Church Growth: An Informational or Discipleship Problem?

Most churches desire to impact people with the Gospel. For many churches, there is a recognition that people in their community do not know about their church and the great experience they can have at their church. Questions arise, how do we let them know about us? How do we best move our congregation to action to address this question?

This perspective assumes that people have an informational problem about their church. They don’t have the information. The assumption is that if the information was provided in a warm and welcoming format people would show up.

Thomas Rainer, in his book The Unchurched Next Door, states that many unchurched people who come to church will come if brought by a current attendee of the church. “As I have also indicated, inviting them and taking them into the church building is very important.” (Rainer, 246) Even the most resistant groups toward churches that Rainer studied would be open to a personal invitation to church (Rainer, 240). But current attendees are not inviting and the answer many churches arrive at is a professional presentation (advertising blitz) of our church will help them to get over the fear of inviting.
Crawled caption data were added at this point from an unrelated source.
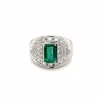 Bague de cocktail colombienne rétro en diamant émeraude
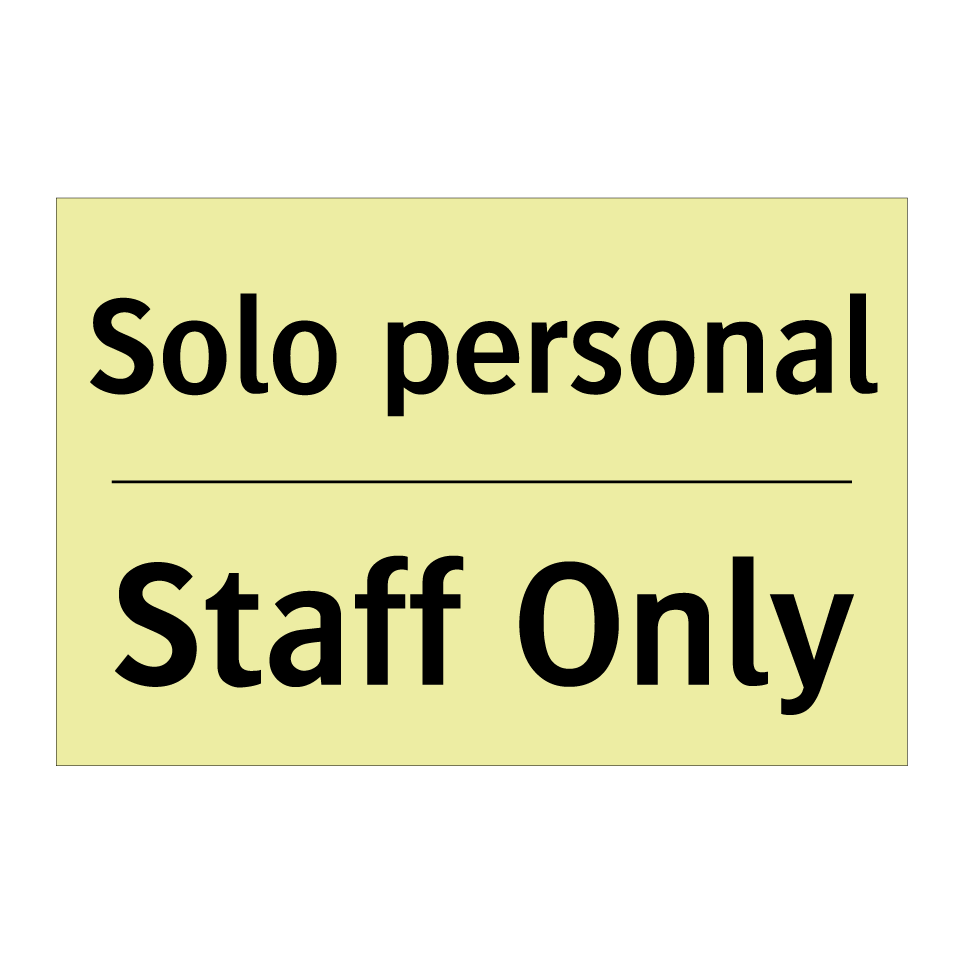 Solo personal - Staff Only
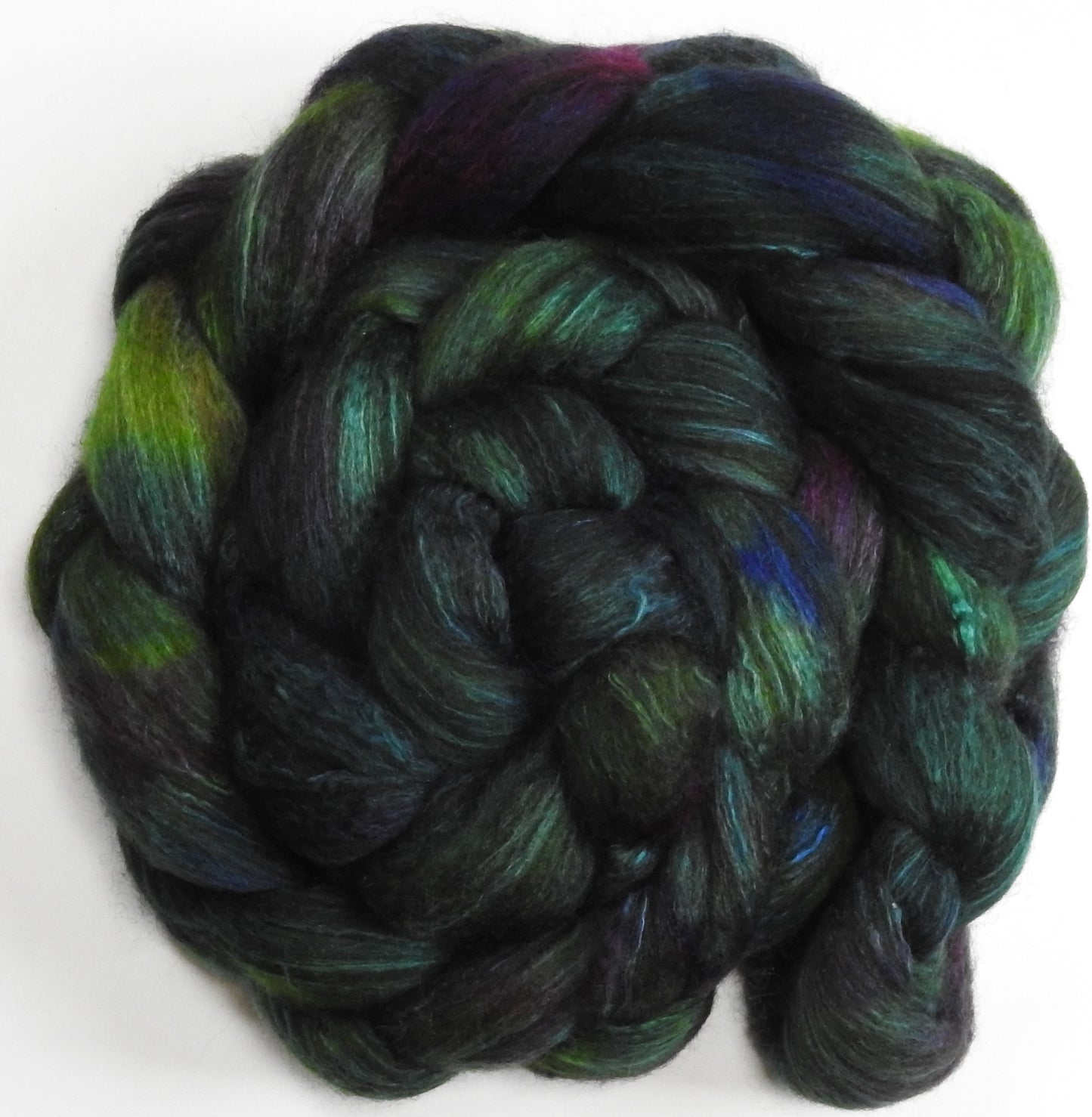 Whispering Pines (5.6 oz) -Batt in a Braid #63 (Cormo/ CAMEL/ silk -60/20/20)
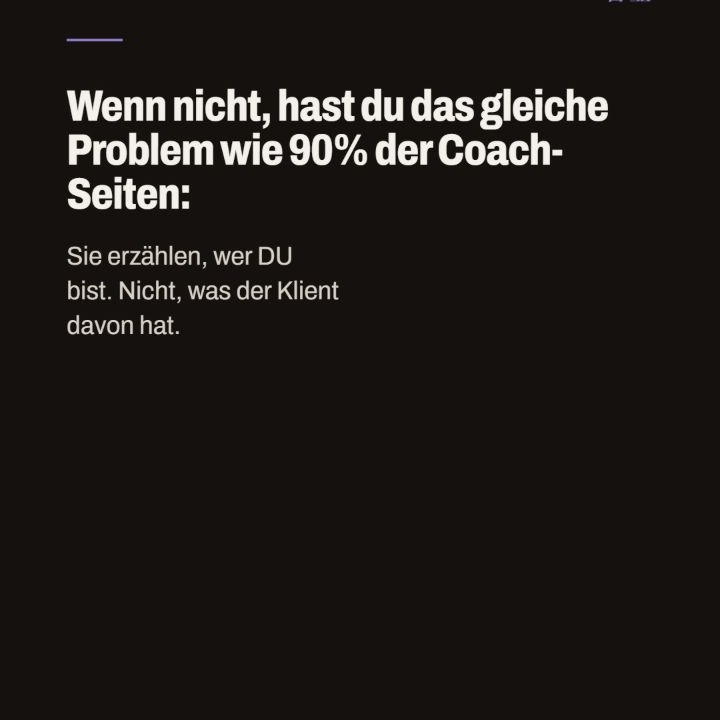 Folie zum Problem austauschbarer Coach-Seiten, die nur über den Anbieter sprechen.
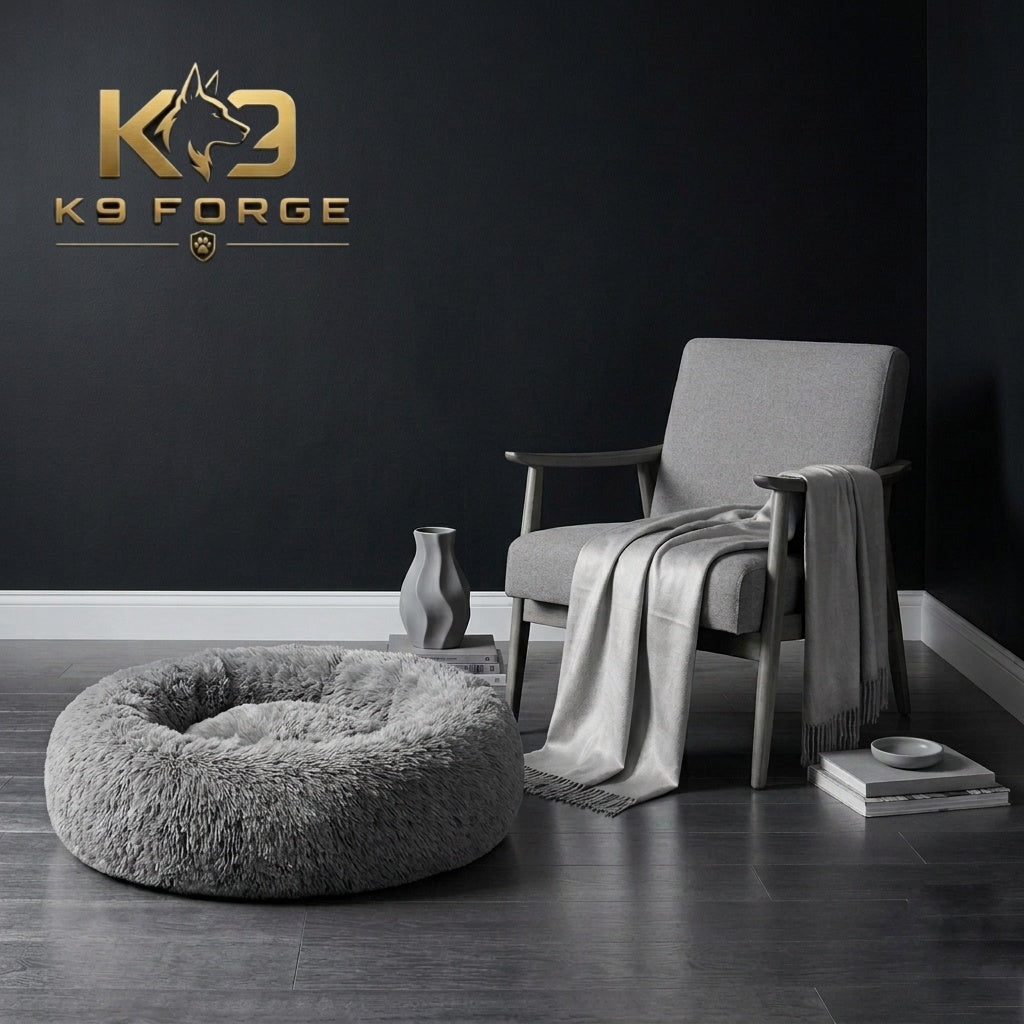 Calming donut dog bed grey – fluffy shag washable round bed for large dogs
I wonder if in God’s great wisdom the best thing for churches is that the advertising campaigns are not successful. Why would I say such a thing? First if the tools worked, as we dream and pray they would, the churches would be unprepared for the influx of needs, questions, and growth opportunities that this mass of people would bring. They would simply overwhelm the systems of many churches.

Second, they would enjoy a great service but would they be able to engage in a helpful and meaningful way through the rest of the churches’ growth processes? The discipleship systems many churches have in place are not exceptional at producing disciples who actively engage others.

This goes back to the initial problem. People are not active and engaged enough in the community to provide the large scale introduction to their church. Again the problem is that churches’ internal systems are not actively producing, on a large scale, disciples who are impacting their world in a way that causes others to come and see why they are the way they are. It is not an informational problem, it is a discipleship problem.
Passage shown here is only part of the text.